───── Information provided ─────

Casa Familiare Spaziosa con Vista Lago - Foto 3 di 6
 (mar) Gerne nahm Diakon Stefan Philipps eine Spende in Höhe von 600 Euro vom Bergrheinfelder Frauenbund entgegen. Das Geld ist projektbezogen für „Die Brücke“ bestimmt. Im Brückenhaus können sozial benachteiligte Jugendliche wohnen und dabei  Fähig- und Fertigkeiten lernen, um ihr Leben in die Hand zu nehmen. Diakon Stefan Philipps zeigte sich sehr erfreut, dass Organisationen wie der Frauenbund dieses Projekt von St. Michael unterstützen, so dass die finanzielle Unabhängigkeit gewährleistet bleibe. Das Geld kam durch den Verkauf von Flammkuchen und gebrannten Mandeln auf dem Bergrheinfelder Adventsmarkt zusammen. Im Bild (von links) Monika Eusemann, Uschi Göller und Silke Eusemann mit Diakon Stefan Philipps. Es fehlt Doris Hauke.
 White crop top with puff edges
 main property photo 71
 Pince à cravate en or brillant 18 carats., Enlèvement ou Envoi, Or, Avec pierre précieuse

─────
───── Information provided ─────

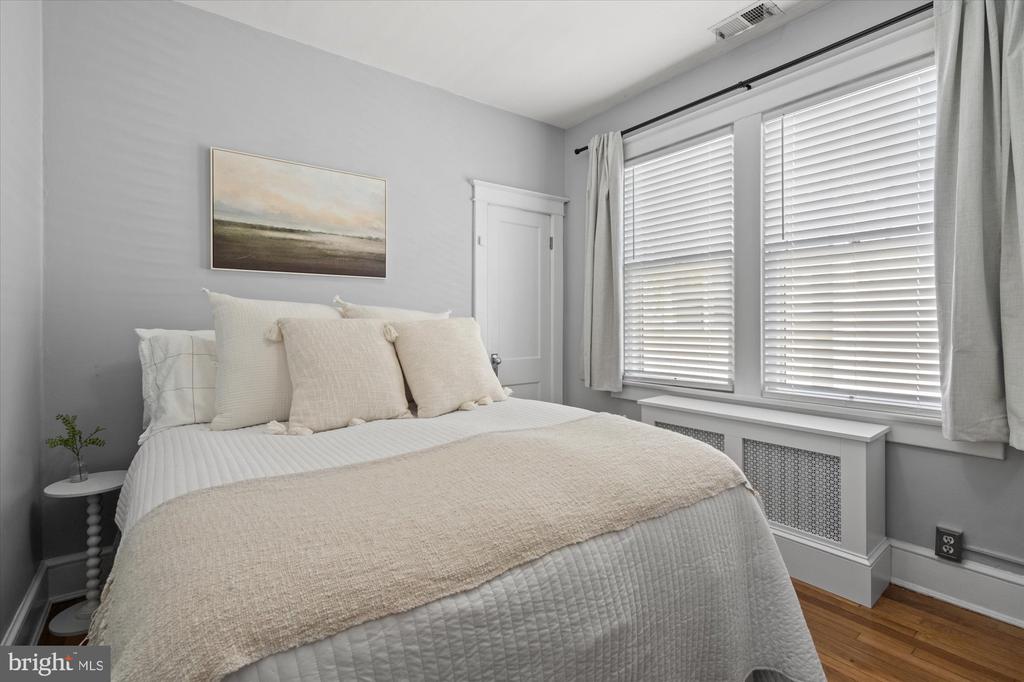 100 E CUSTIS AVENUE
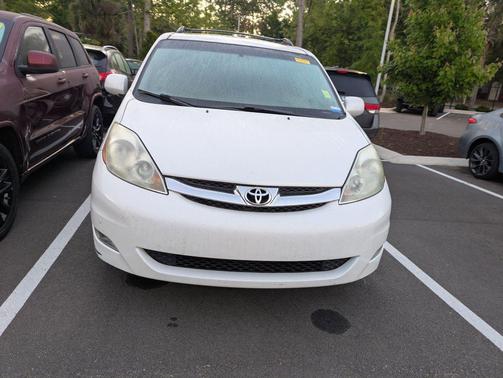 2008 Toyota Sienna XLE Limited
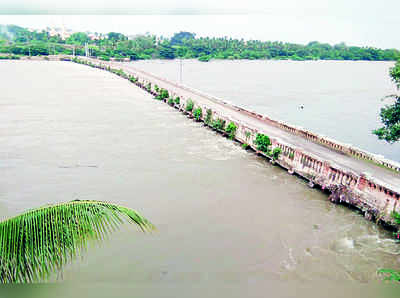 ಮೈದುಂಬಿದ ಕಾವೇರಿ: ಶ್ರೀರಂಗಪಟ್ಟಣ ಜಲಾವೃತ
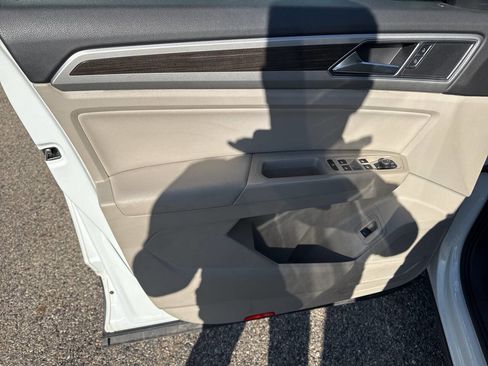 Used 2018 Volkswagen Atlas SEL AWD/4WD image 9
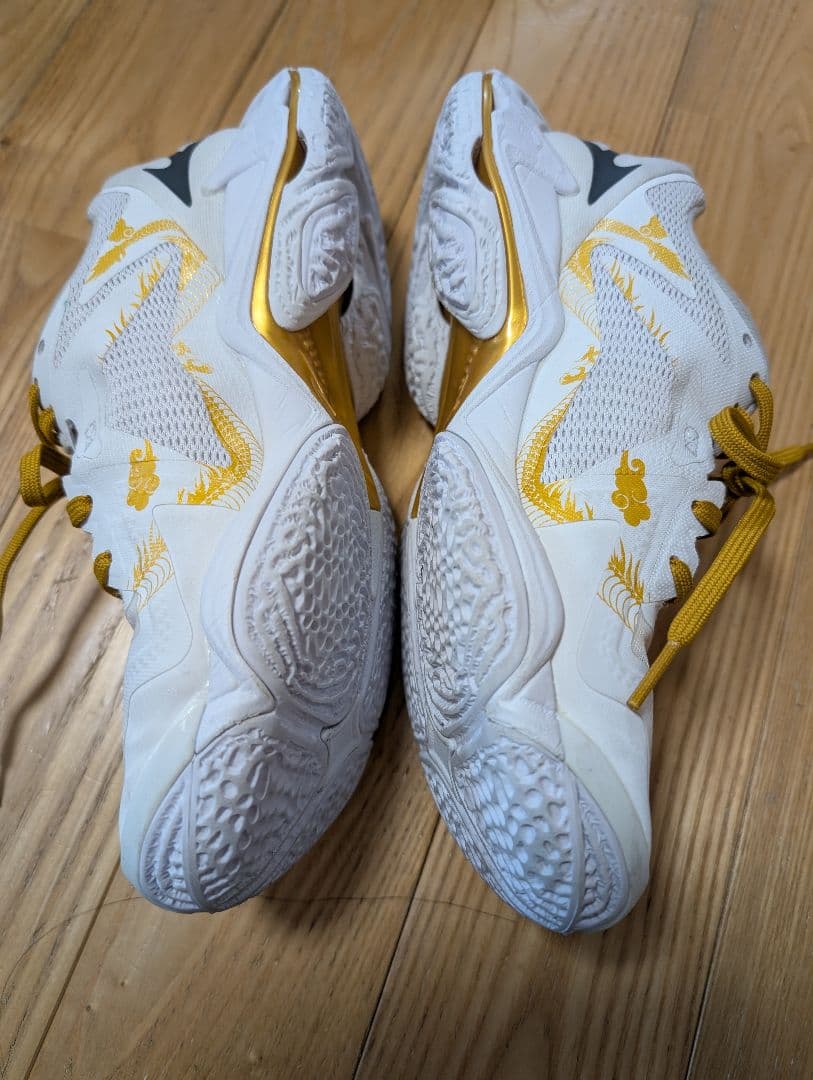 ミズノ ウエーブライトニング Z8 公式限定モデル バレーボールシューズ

─────

**Directions for this task**. Could you write out, exactly as they stand, only the lines above that begin at the line with "Casa Familiare Spaziosa" and stop after the line with "Pince à cravate"?

**Result for this exercise**.
Casa Familiare Spaziosa con Vista Lago - Foto 3 di 6
 (mar) Gerne nahm Diakon Stefan Philipps eine Spende in Höhe von 600 Euro vom Bergrheinfelder Frauenbund entgegen. Das Geld ist projektbezogen für „Die Brücke“ bestimmt. Im Brückenhaus können sozial benachteiligte Jugendliche wohnen und dabei  Fähig- und Fertigkeiten lernen, um ihr Leben in die Hand zu nehmen. Diakon Stefan Philipps zeigte sich sehr erfreut, dass Organisationen wie der Frauenbund dieses Projekt von St. Michael unterstützen, so dass die finanzielle Unabhängigkeit gewährleistet bleibe. Das Geld kam durch den Verkauf von Flammkuchen und gebrannten Mandeln auf dem Bergrheinfelder Adventsmarkt zusammen. Im Bild (von links) Monika Eusemann, Uschi Göller und Silke Eusemann mit Diakon Stefan Philipps. Es fehlt Doris Hauke.
 White crop top with puff edges
 main property photo 71
 Pince à cravate en or brillant 18 carats., Enlèvement ou Envoi, Or, Avec pierre précieuse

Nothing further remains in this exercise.